# Information shown:
= = = = =

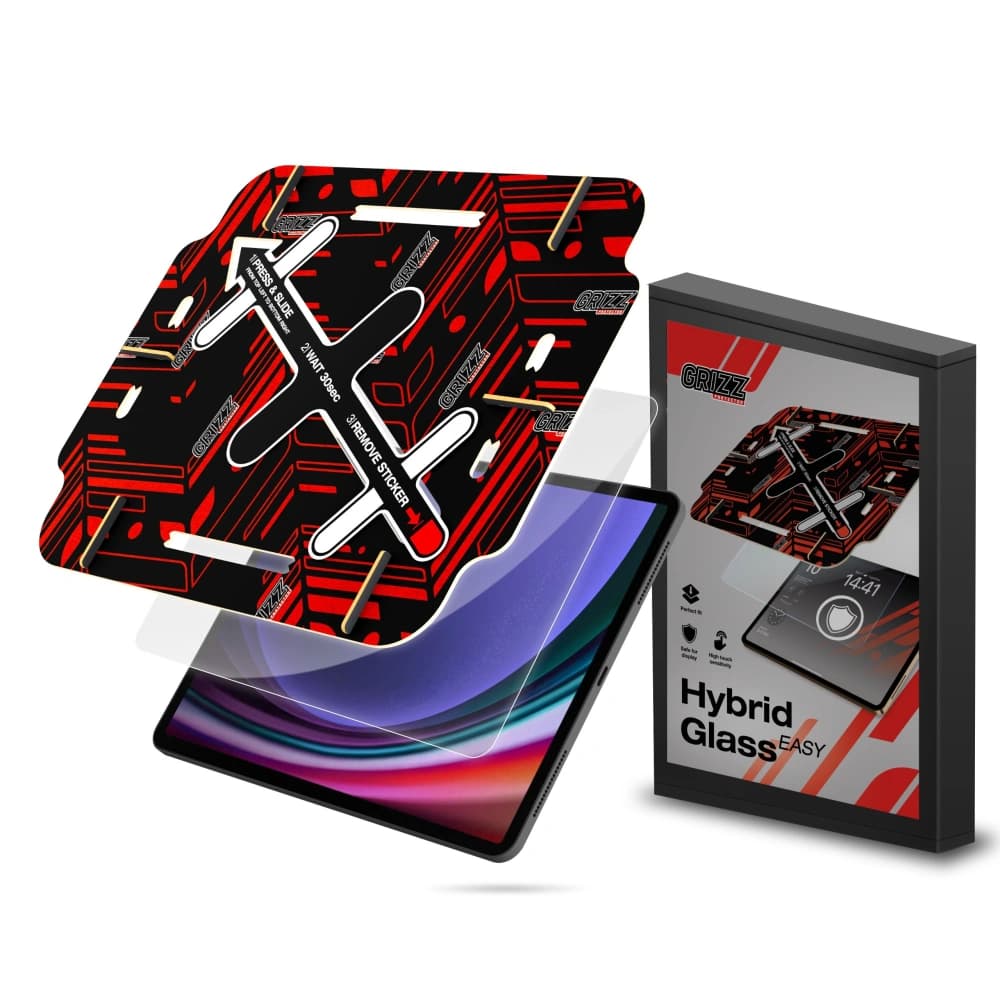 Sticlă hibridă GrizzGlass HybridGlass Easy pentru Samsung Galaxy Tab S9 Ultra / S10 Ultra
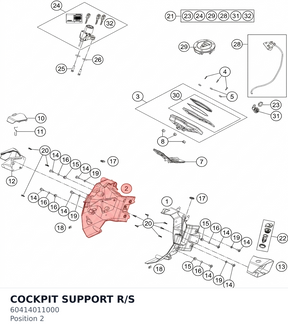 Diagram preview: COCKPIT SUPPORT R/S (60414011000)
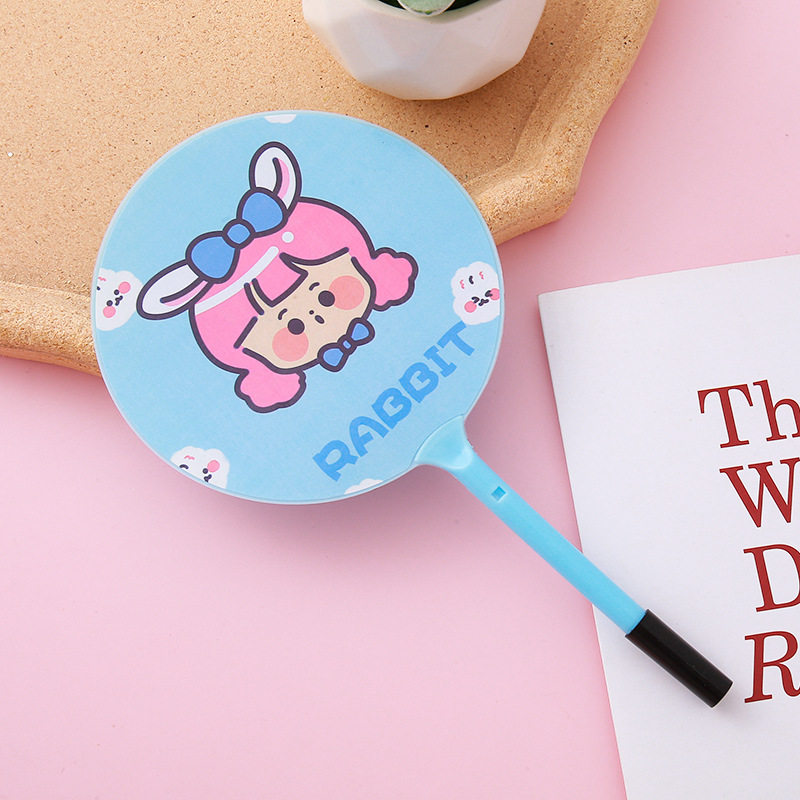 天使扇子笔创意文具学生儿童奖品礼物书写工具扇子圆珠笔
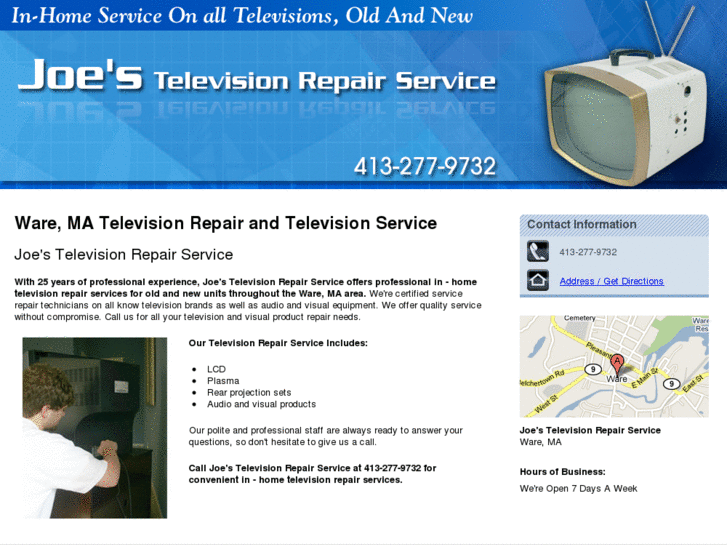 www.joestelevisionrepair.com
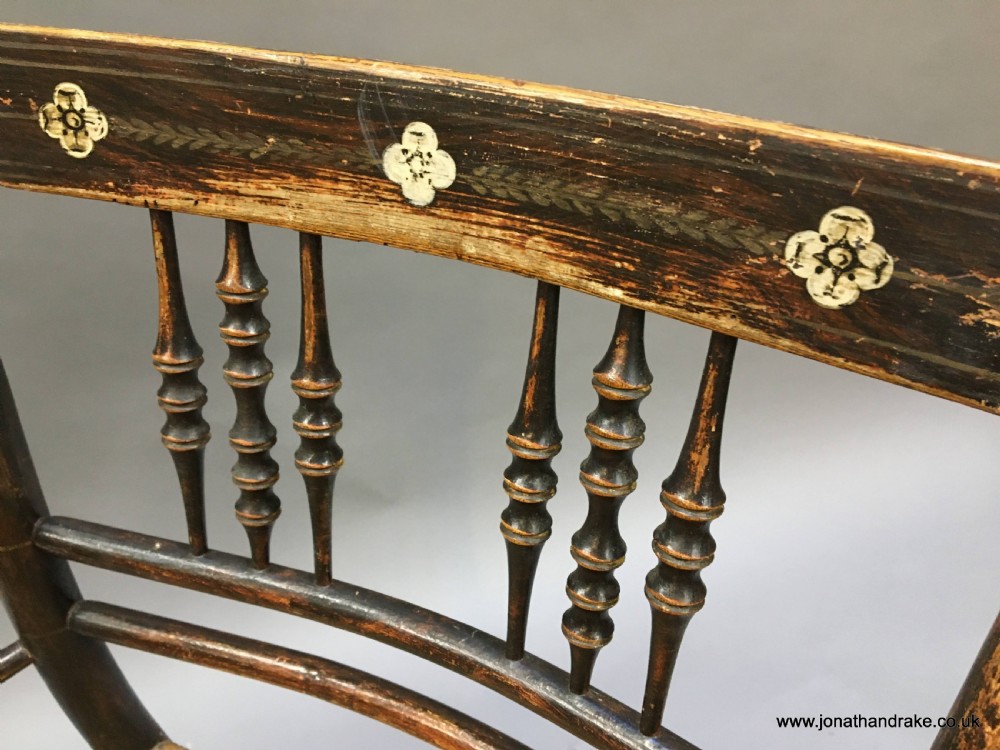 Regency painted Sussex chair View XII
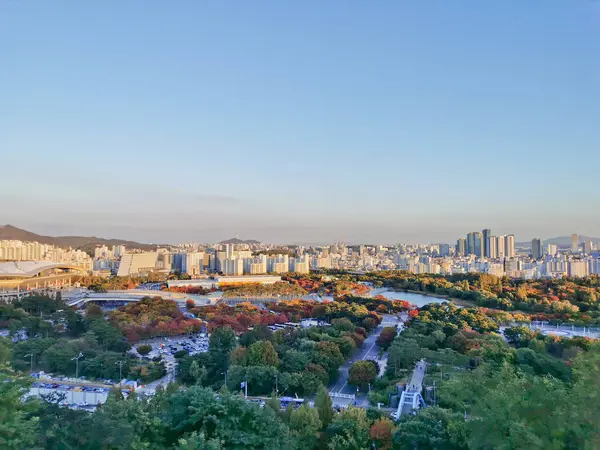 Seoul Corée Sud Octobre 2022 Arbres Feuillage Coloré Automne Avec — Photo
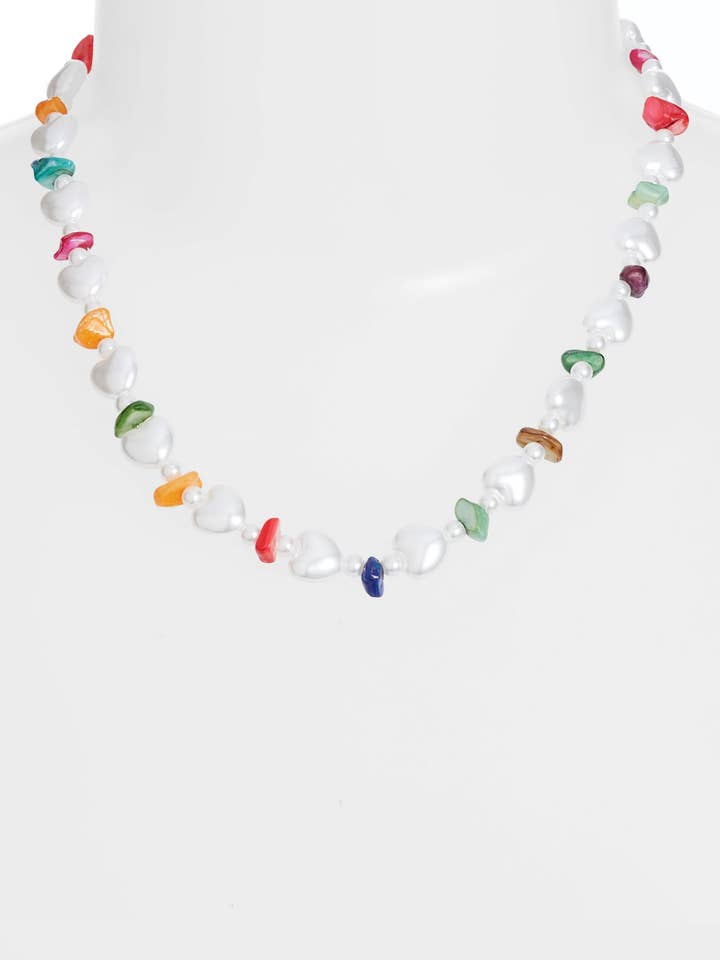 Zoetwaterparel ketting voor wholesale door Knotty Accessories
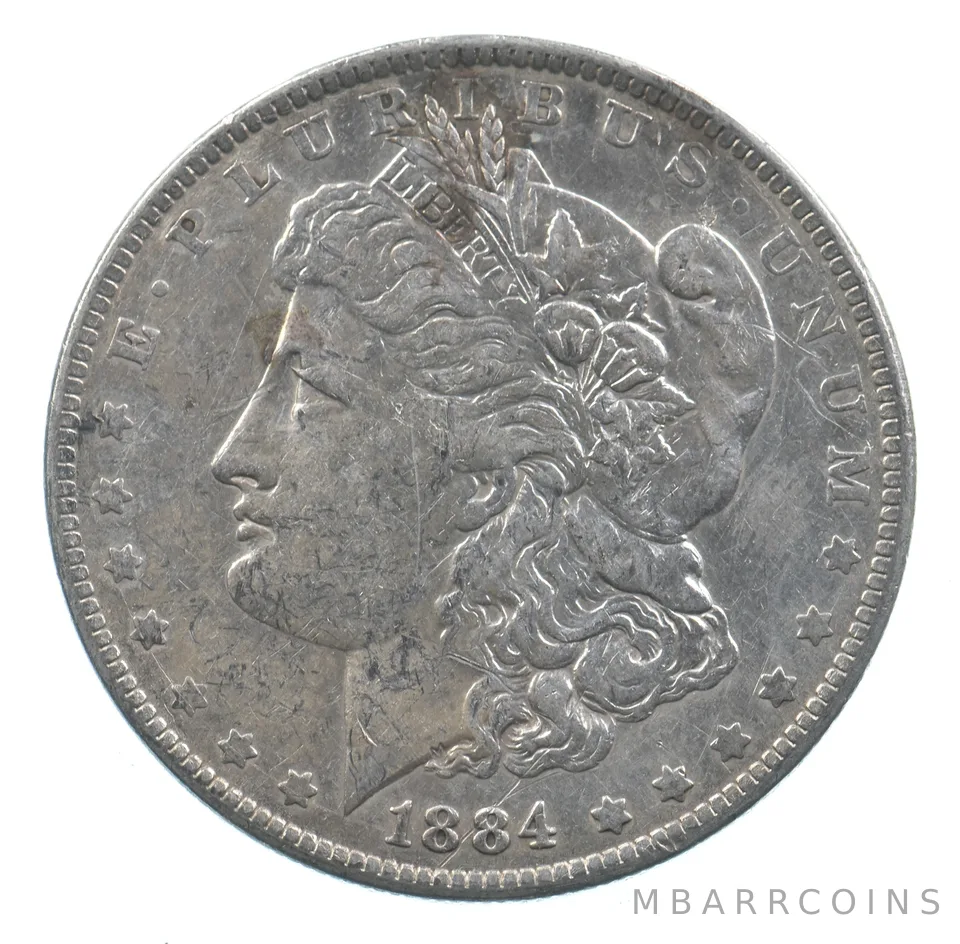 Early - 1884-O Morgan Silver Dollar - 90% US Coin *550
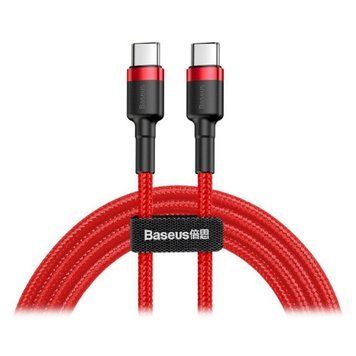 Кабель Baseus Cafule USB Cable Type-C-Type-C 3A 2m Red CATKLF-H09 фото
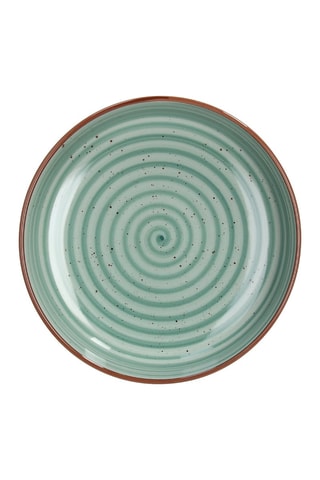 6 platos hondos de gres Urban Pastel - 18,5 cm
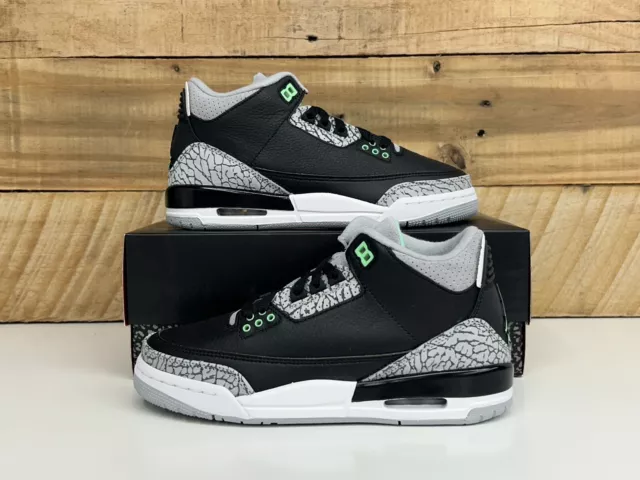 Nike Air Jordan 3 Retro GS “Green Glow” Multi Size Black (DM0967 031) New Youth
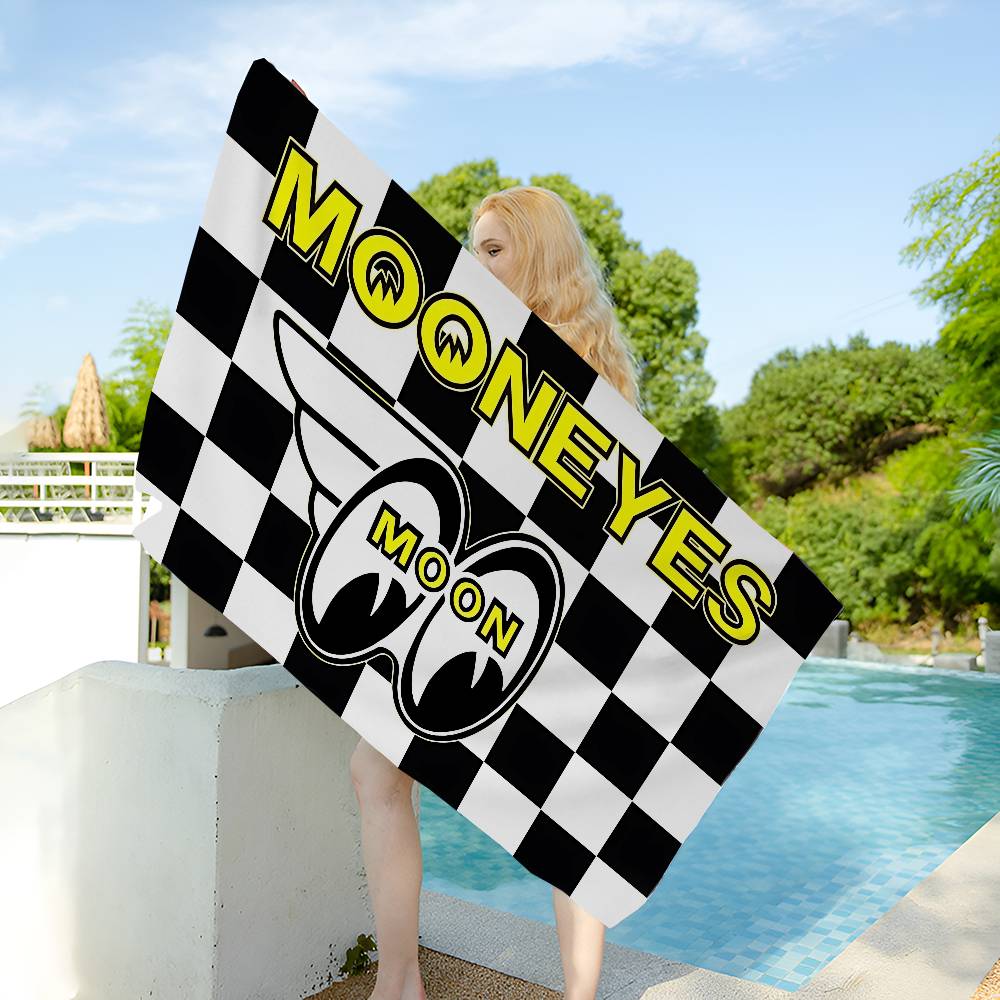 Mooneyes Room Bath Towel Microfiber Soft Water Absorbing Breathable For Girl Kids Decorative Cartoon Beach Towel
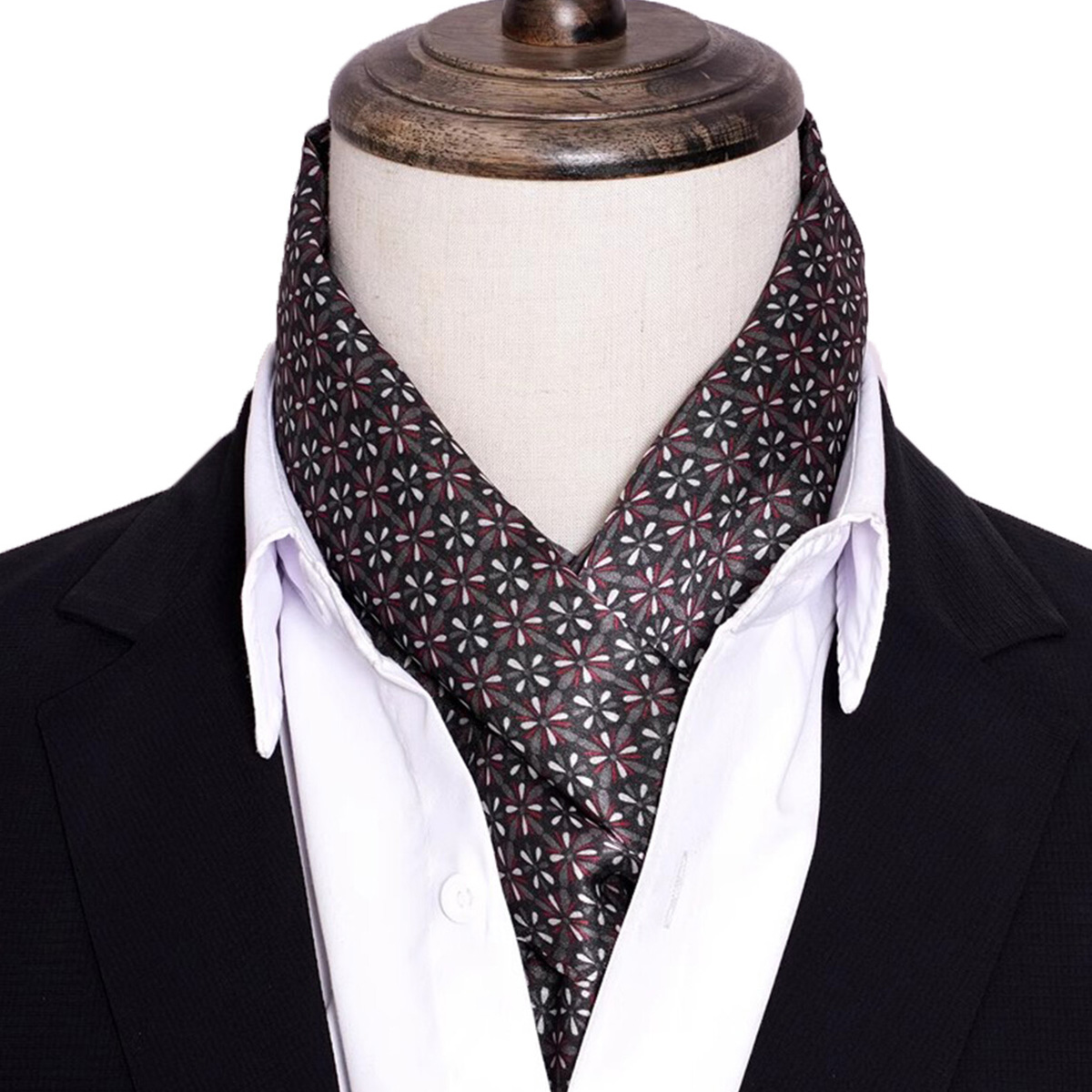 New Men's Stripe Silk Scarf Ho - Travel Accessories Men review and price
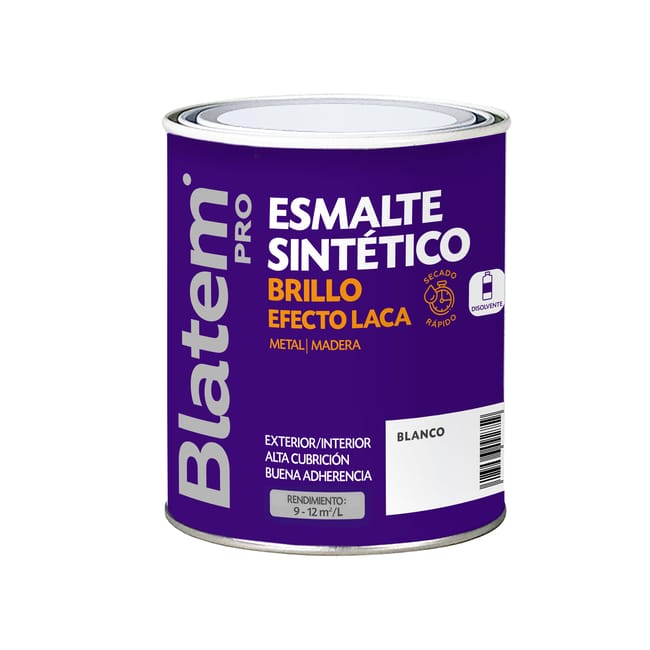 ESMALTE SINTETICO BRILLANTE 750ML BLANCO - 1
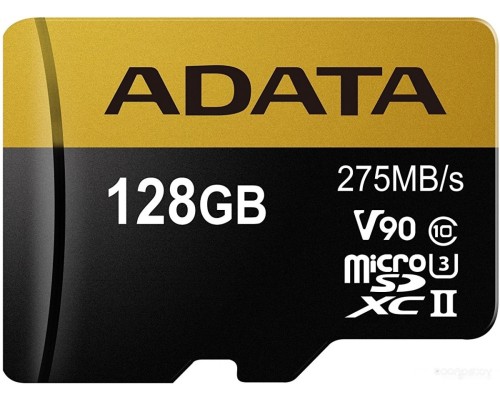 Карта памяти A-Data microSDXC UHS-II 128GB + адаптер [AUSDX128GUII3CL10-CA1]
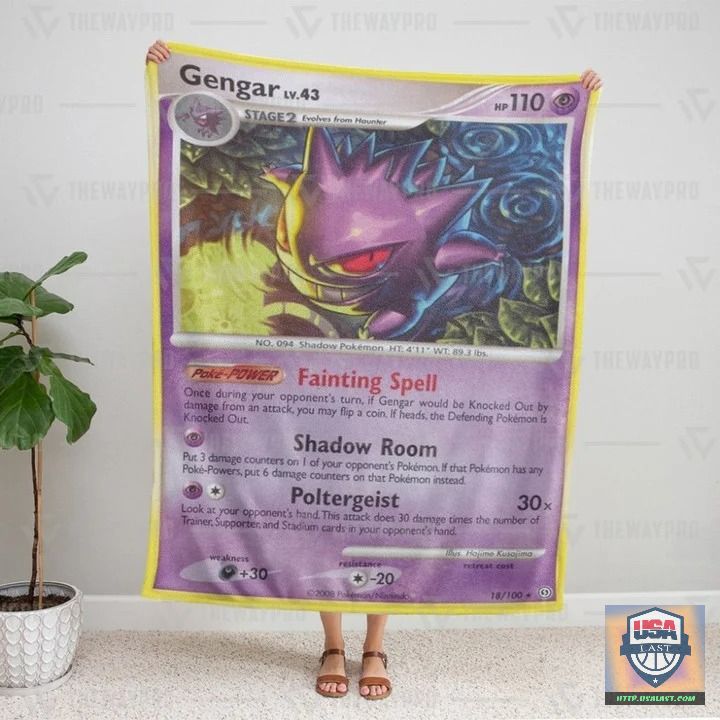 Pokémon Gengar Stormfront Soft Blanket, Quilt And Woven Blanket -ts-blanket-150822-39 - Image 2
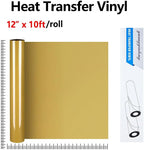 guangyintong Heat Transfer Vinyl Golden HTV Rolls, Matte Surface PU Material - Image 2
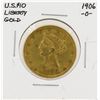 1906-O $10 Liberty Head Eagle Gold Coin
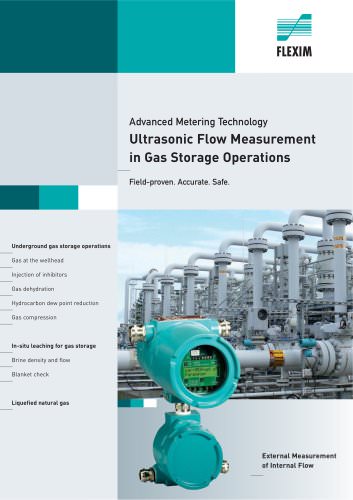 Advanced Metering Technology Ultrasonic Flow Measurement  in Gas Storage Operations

= = = = =

What you give back must match the lines from the start of the records through the line that contains "Nike Air Jordan", exactly, with the pictures left out.

# Task solution:
 Sticlă hibridă GrizzGlass HybridGlass Easy pentru Samsung Galaxy Tab S9 Ultra / S10 Ultra
 Diagram preview: COCKPIT SUPPORT R/S (60414011000)
 天使扇子笔创意文具学生儿童奖品礼物书写工具扇子圆珠笔
 www.joestelevisionrepair.com
 Regency painted Sussex chair View XII
 Seoul Corée Sud Octobre 2022 Arbres Feuillage Coloré Automne Avec — Photo
 Zoetwaterparel ketting voor wholesale door Knotty Accessories
 Early - 1884-O Morgan Silver Dollar - 90% US Coin *550
 Кабель Baseus Cafule USB Cable Type-C-Type-C 3A 2m Red CATKLF-H09 фото
 6 platos hondos de gres Urban Pastel - 18,5 cm
 Nike Air Jordan 3 Retro GS “Green Glow” Multi Size Black (DM0967 031) New Youth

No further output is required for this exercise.